---- Task data

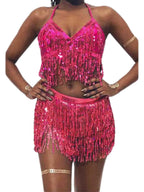 Woman wearing pink sequin fringe crop top and skirt set, festival fashion outfit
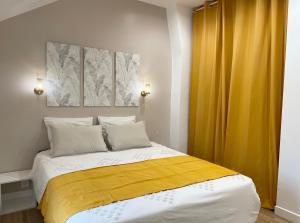勒布尔热Le Cocon - logement 4 personnes - Neuf - Wifi的一间卧室配有一张黄色窗帘的床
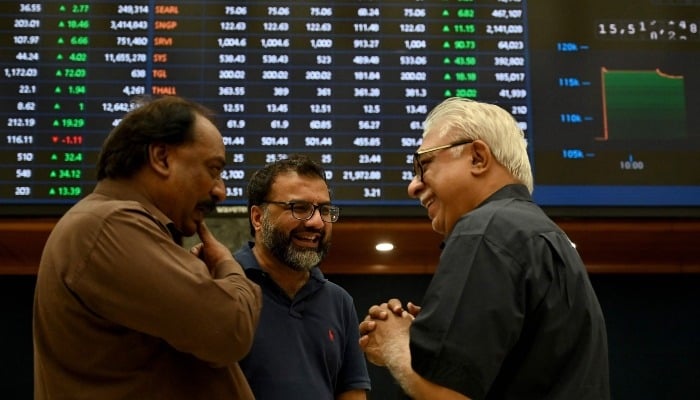 Stockbrokers interact during a trading session at the Pakistan Stock Exchange (PSX) in Karachi on May 12, 2025. — AFP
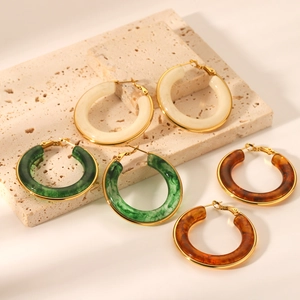 French vintage resin hoop earrings in marble green, amber, and cream with gold trim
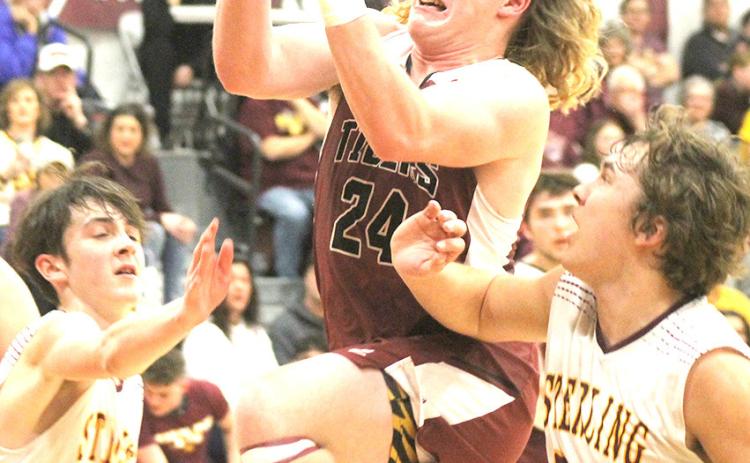 LHS’ Tristen Ray (#24) makes a strong move to the hoop against Sterling on Friday night. Ray scored 10 points against the Jets in their 47-61 loss. Paula Jasa/Republican
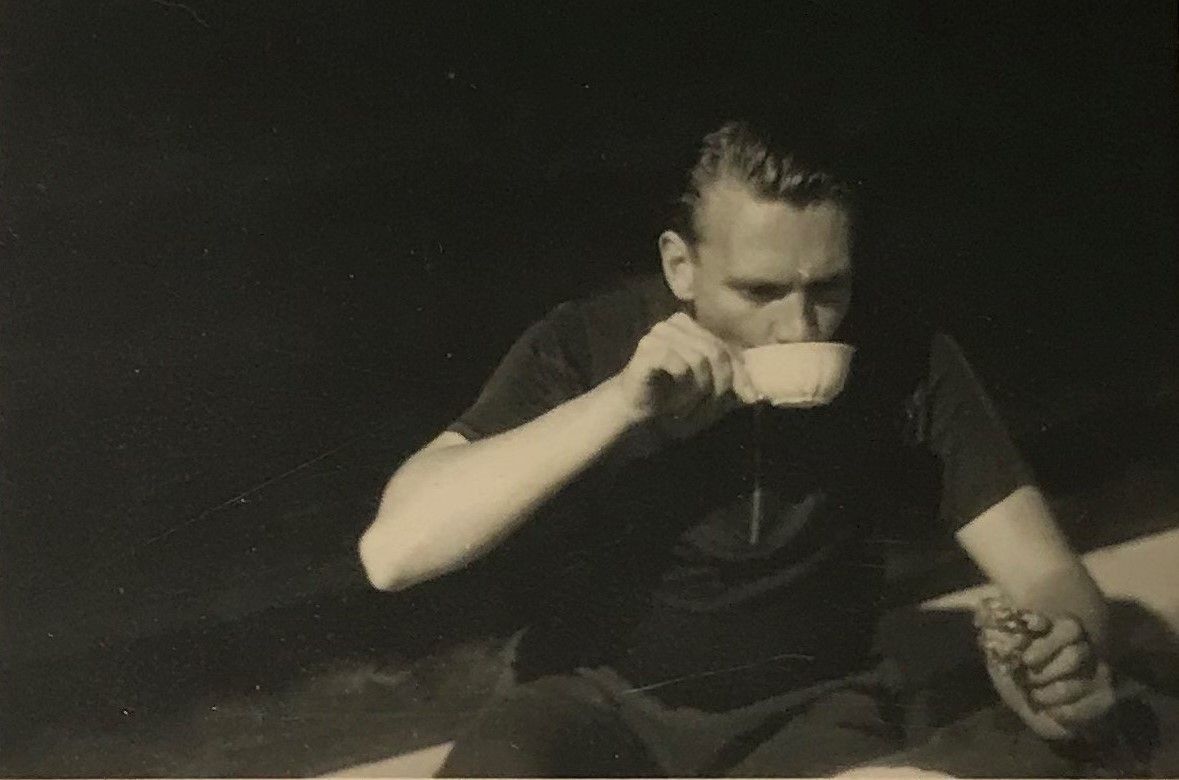 Svartvitt fotografi av en ung man som dricker en kopp kaffe i solen.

--------

*Problem description*. Starting at the line containing "Stockbrokers interact during" and finishing at the line containing "French vintage resin", return those lines exactly as they appear above, without the pictures.

*Result for this exercise*.
 Stockbrokers interact during a trading session at the Pakistan Stock Exchange (PSX) in Karachi on May 12, 2025. — AFP
 French vintage resin hoop earrings in marble green, amber, and cream with gold trim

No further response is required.